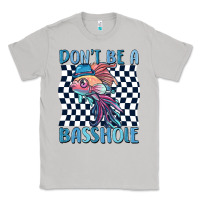 Moon Dust dont be a basshole Classic Tee - MaliasSmallBusiness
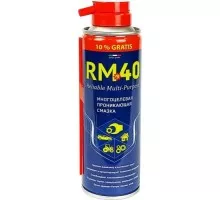 Смазка многоцелевая проникающая RM-40 RM-766 (аэр.), 210 мл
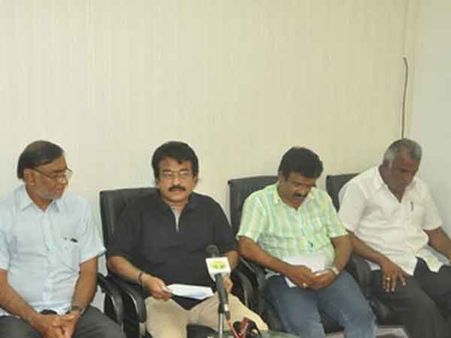 பிப்ரவரி 5-ம் தேதி தமிழ் சினிமா தயாரிப்பாளர் சங்கத் தேர்தல்!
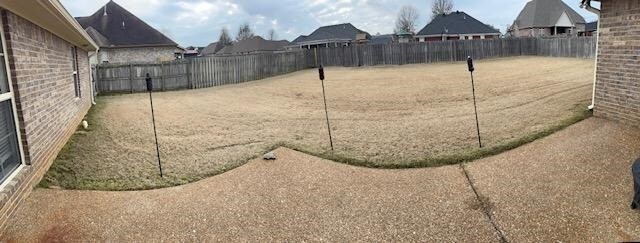 backyard - 31 Farestone Cv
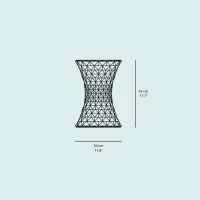 Kartell Stone stool Kartell Stone stool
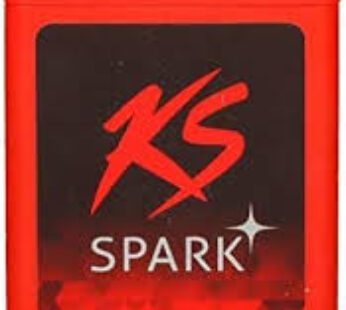 Ks Spark Body Spray   For Men   Women   150 Ml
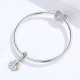 Talisman argint Dog Paw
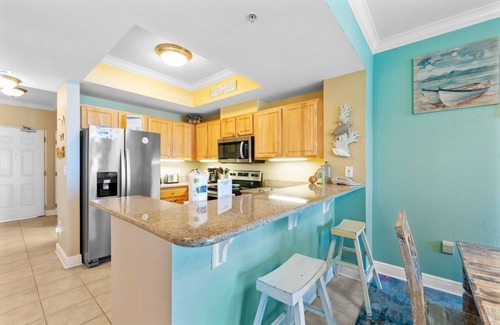Gulf Shores Condo | Crystal Tower 606- Don't Wait any Longer! Hit that Book Now Button and Grab Your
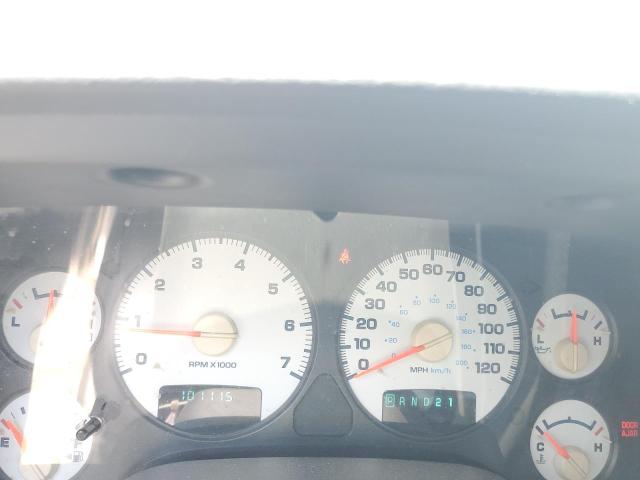 1D7HA16N14J221900 - 2004 DODGE RAM 1500 ST თეთრი ფოტო 9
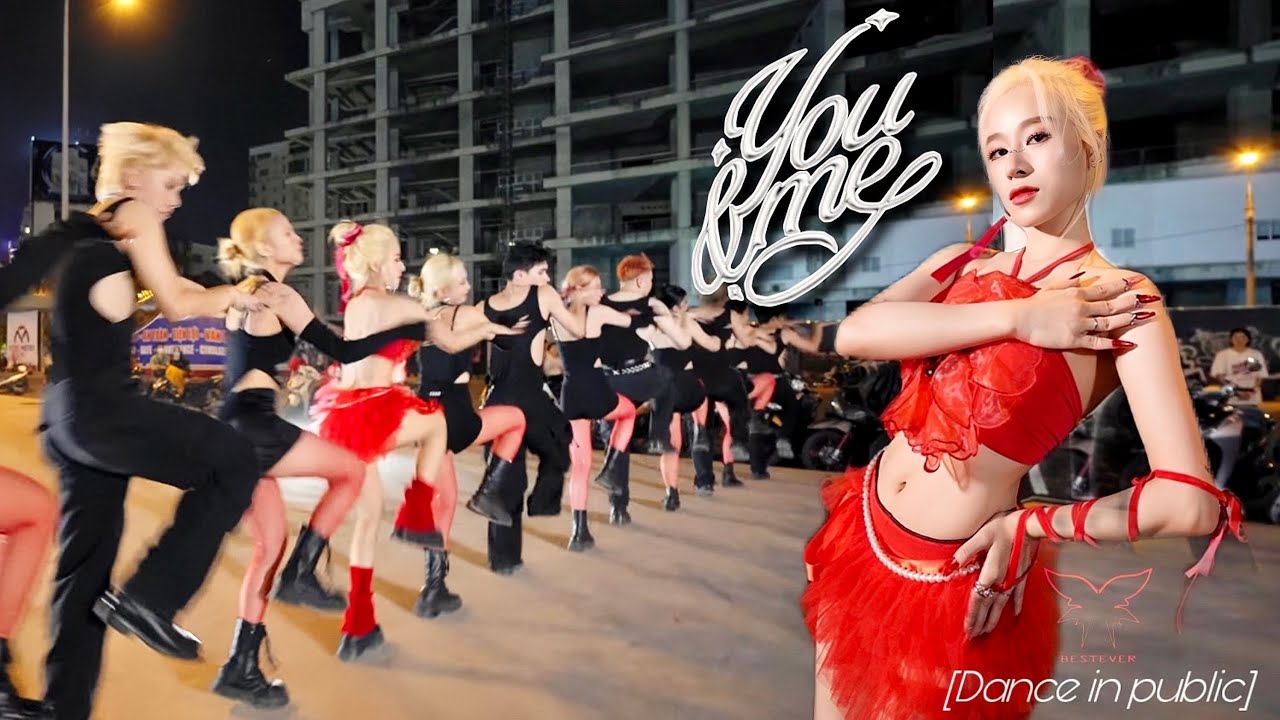 [LB][KPOP IN PUBLIC] JENNIE - ‘You & Me’ | BESTEVER Dance cover from Viet Nam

▶ **Task details**:
Copy the records shown above in their entirety and exactly; images are to be left out.

▶ **Answer below**:
 Moon Dust dont be a basshole Classic Tee - MaliasSmallBusiness
 Смазка многоцелевая проникающая RM-40 RM-766 (аэр.), 210 мл
 பிப்ரவரி 5-ம் தேதி தமிழ் சினிமா தயாரிப்பாளர் சங்கத் தேர்தல்!
 backyard - 31 Farestone Cv
 Kartell Stone stool Kartell Stone stool
 Ks Spark Body Spray   For Men   Women   150 Ml
 Talisman argint Dog Paw
Gulf Shores Condo | Crystal Tower 606- Don't Wait any Longer! Hit that Book Now Button and Grab Your
 1D7HA16N14J221900 - 2004 DODGE RAM 1500 ST თეთრი ფოტო 9
 [LB][KPOP IN PUBLIC] JENNIE - ‘You & Me’ | BESTEVER Dance cover from Viet Nam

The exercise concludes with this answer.